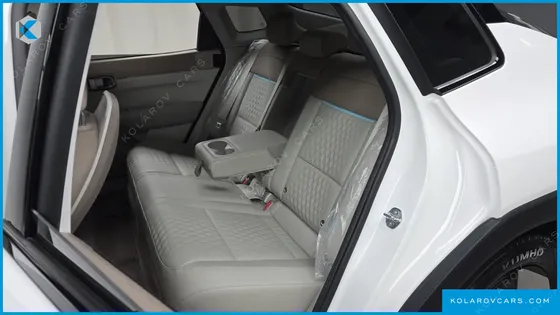 KIA EV4 LONG RANGE 2WD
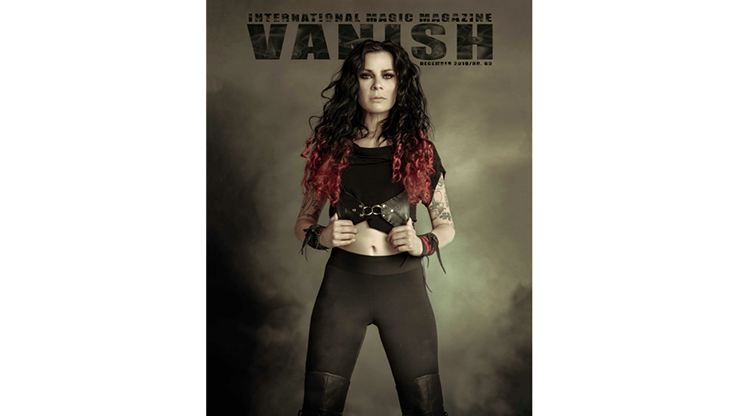 Vanish Magazine 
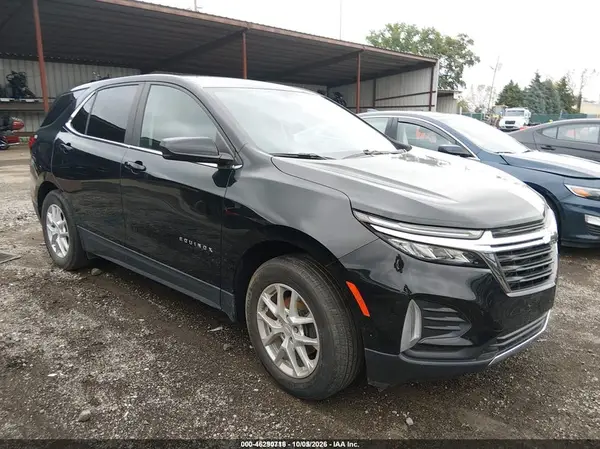 3GNAXKEG5PL249920 2023 CHEVROLET EQUINOX - Image 1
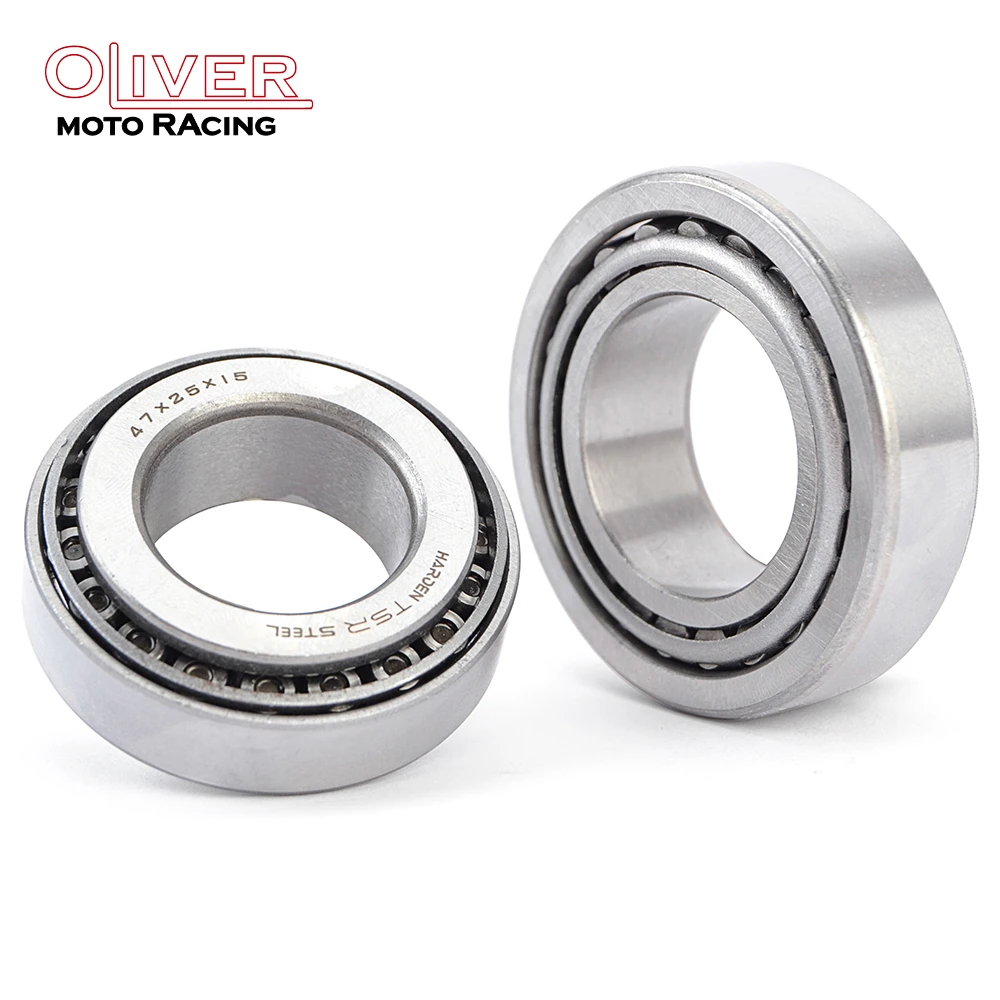 Steering Ball Bearing Kit For Suzuki GSX750 GSX650F GSX1100 GSX1200 GSX1250 GSF1200 Bandit GSF1200S GSF1250 GSF1250S GSR750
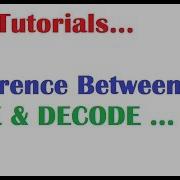 SQL Tutorial Difference Between Case Decode In SQL Oracle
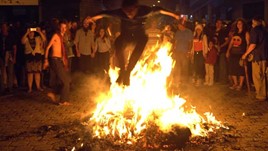 Video: Burning the Past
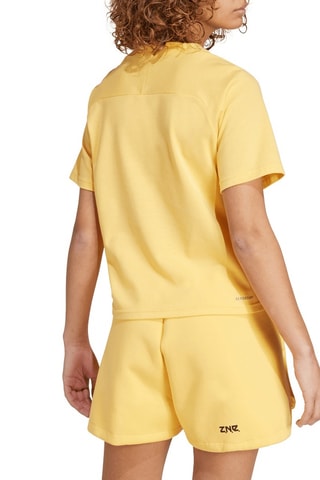 T-shirt Z.N.E - Jaune
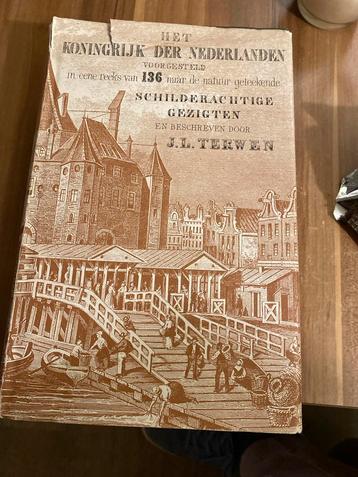 Het Koningrijk der Nederlanden, J.L. Terwen beschikbaar voor biedingen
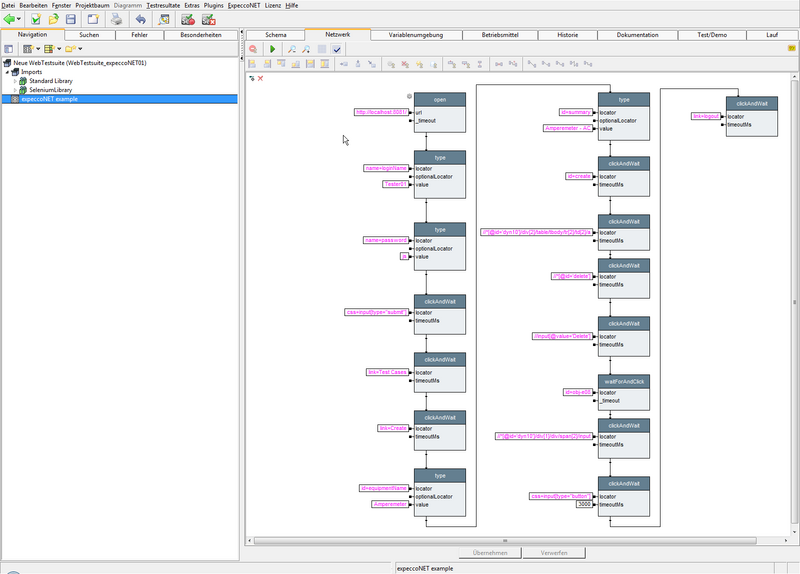 Datei:Selenium Import.png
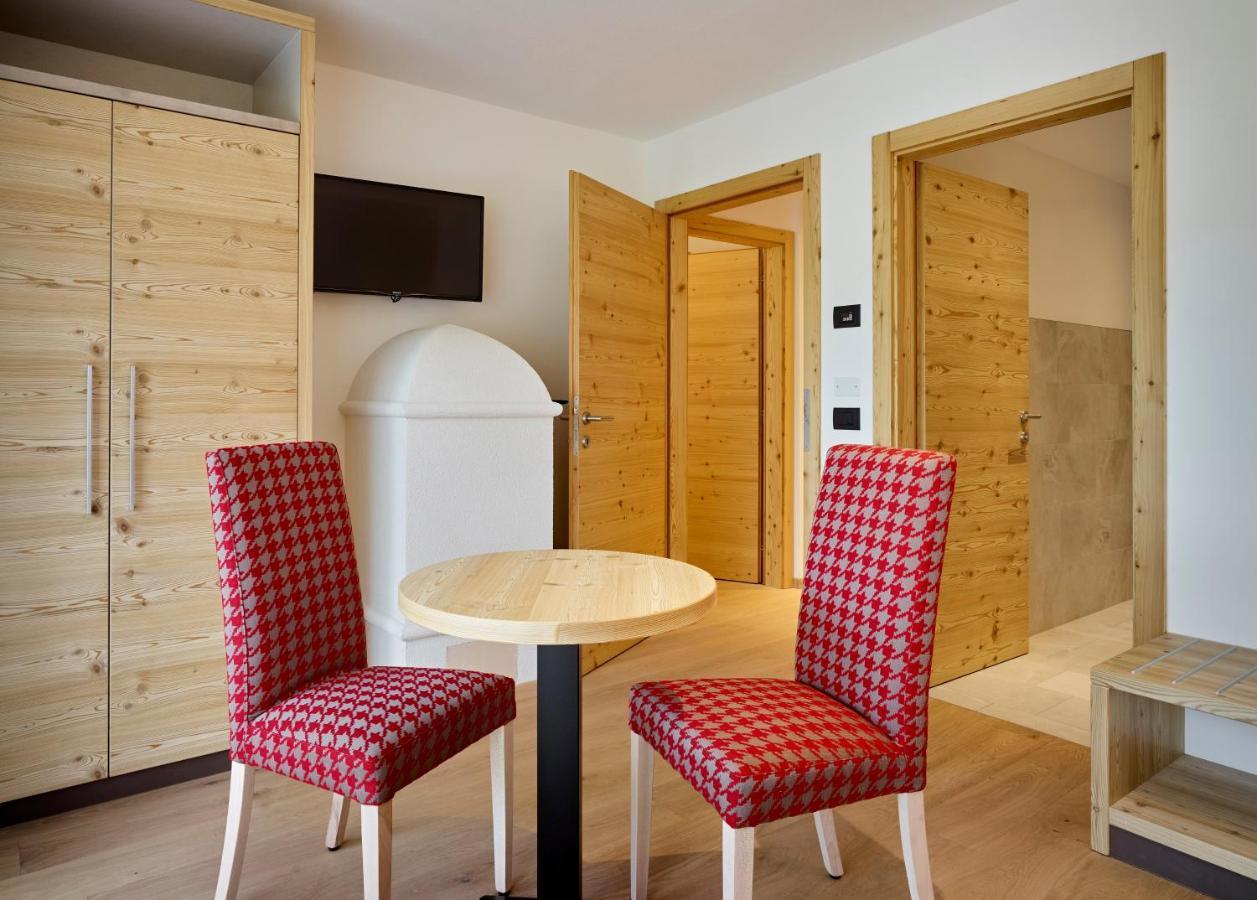 Hotel Shandranj Tesero Eksteriør bilde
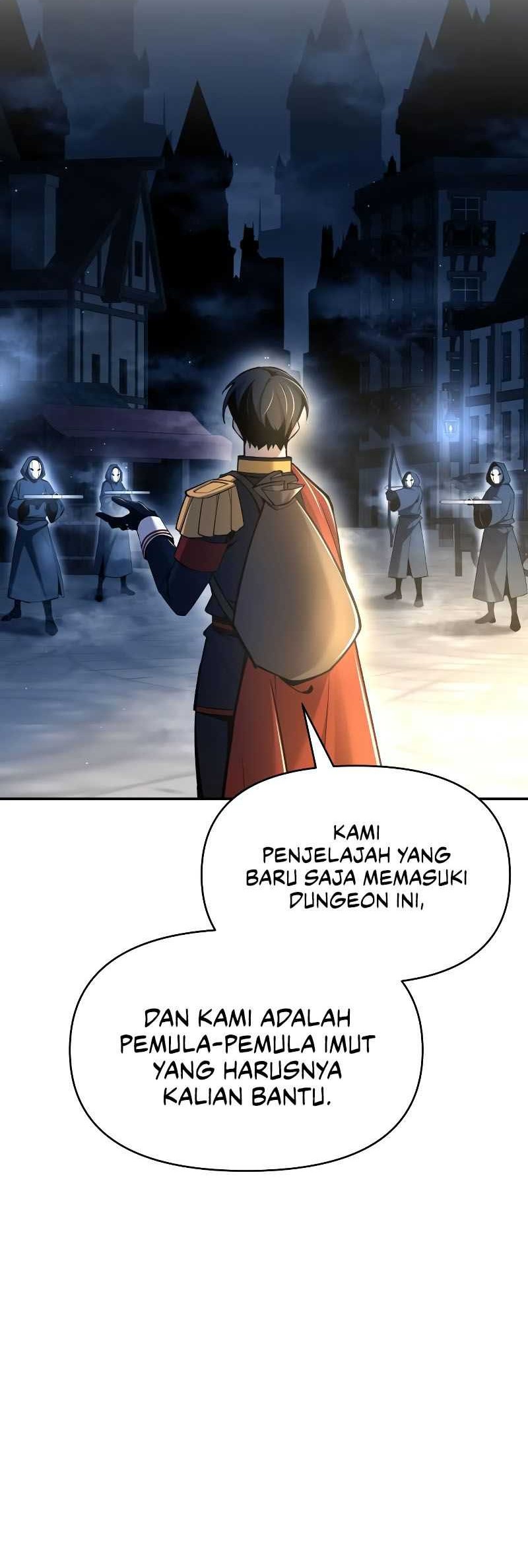 I Became the Tyrant of a Defense Game Chapter 58 - halaman 33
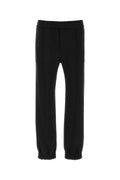 Valentino Garavani Bottom Joggers — Black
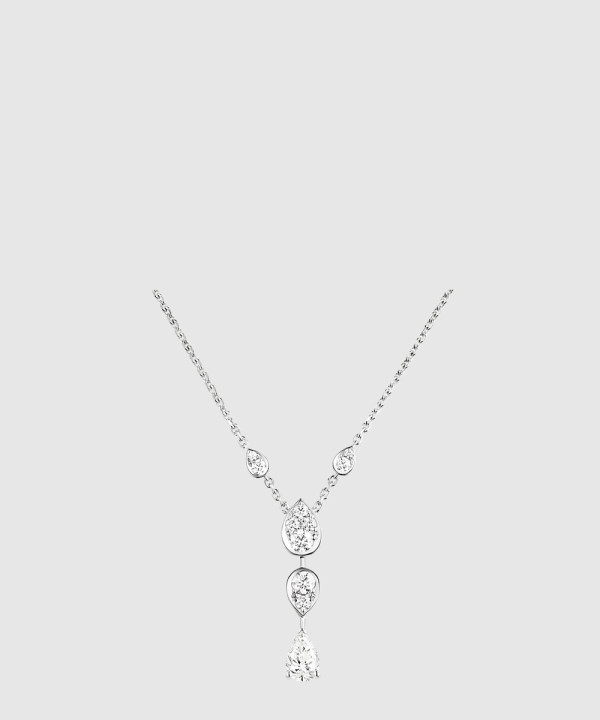 [CHAUMET-쇼메]조세핀 롱드 다그레뜨 목걸이 083855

----

• [Exercise details]:
Pictures are to be left out, and each line from the one that contains "I Became the" through the end of the listing is to be copied exactly.

• [Final answer]:
 I Became the Tyrant of a Defense Game Chapter 58 - halaman 33
 Valentino Garavani Bottom Joggers — Black
 [CHAUMET-쇼메]조세핀 롱드 다그레뜨 목걸이 083855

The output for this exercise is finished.